There were no subtitles in that showing and my Hebrew was weak at the time, but I understood it was about children growing up in 1950s Tel Aviv, in the shadow of the Holocaust and the War of Independence. With every adult scarred from their experiences and unable to talk about them, and with memories of childhood cut short by both conflicts, kids were given free reign, parents and teachers both incapable and unwilling to stop them until things turn deadly.
The film was a sucker punch. While I'm sure it was meant to provoke a discussion about the Shoah or the War of Independence, instead I found myself processing everything through my own situation back in the US, where I knew I would have been the one on the receiving end of the beatings, never part of the gang, the bullied, not the bully, unable to understand his parents' brokenness.
That same feeling came back to me as I read Jerusalem, A Family Portrait by Boaz Yakin and Nick Bertozzi. Set in Jerusalem in the late 1940s in the transition from Wartime British Mandate through the War of Independence, the graphic novel in aching black-and-white takes us through the lives of the Halaby family.
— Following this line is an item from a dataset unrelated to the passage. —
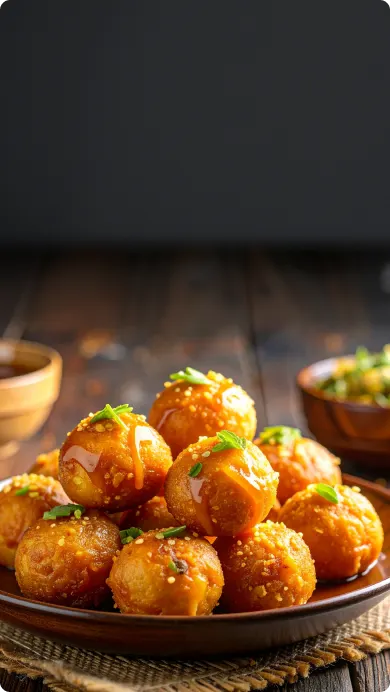 How to Make Mawa Bati Using King’s Soyabean Oil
Two sons fight for the Jewish Brigades in World War II; one, Avraham, becomes a communist, and because of his friendship with Arabs is labeled a traitor. The other, David, after rescuing Jews from the Shoah and smuggling them to Palestine, becomes a Palmachnik, and is assigned a command on the assault on Latrun. A third son becomes a member of the Stern Gang and participates in the bombing of the King David Hotel and the massacre at Deir Yassin. The fourth son, Motti, is too young for heroics, but is filled with anger that he takes out on schoolyard kids, british soldiers, his teachers, and succeeds in becoming quite the thief who brings home whatever the family needs, all the while watching his classmates die violently during the siege. We see the riots of 1947, the venomous antisemitism of the British soldiers, the daily sacrifices and compromises Jews and Arabs made to survive.
It's not all history lessons: we're introduced to the Halaby brothers in their French class at the Ratisbone, a monastery in Jerusalem I used to walk passed every day on my way to class. There's flirting with girls, Avraham (the communist brother's) friendship with Elias from Deir Yassin, those same British soldiers in the pub missing home, and a city straining under the weight of it all. The shuk in Machane Yehudah comes alive as we see the most senior Halaby try (and fail) to sell sweets. Kids are given free reign, as their childhood may be cut short--either by having to bring home wages, being pressed into service as a courier for one of the Jewish groups, or a bomb attack by either side. The characters are portrayed in a clear-eyed fashion, and the atrocities are put into a context that takes none of the horror away while avoiding false equivalency or attempts at fair portrayal. The anger is real, the despair is real, the blood is real, the joy is real, and it leaves one with both a clearer and messier understanding of what went on in that first war for Independence. Finishing a chapter leaves you gasping for air. We are given exactly what the title promises: a family portrait, filled with the complexities of one family's life, but also the complexities of living in Jerusalem at the violent light of the beginning of the Jewish state. In an era where we look for easy answers to the Palestinian-Israeli peace process, this book--like the film I saw in Sixth Grade--reminds of of how many intricacies and ghosts remain from the very beginning.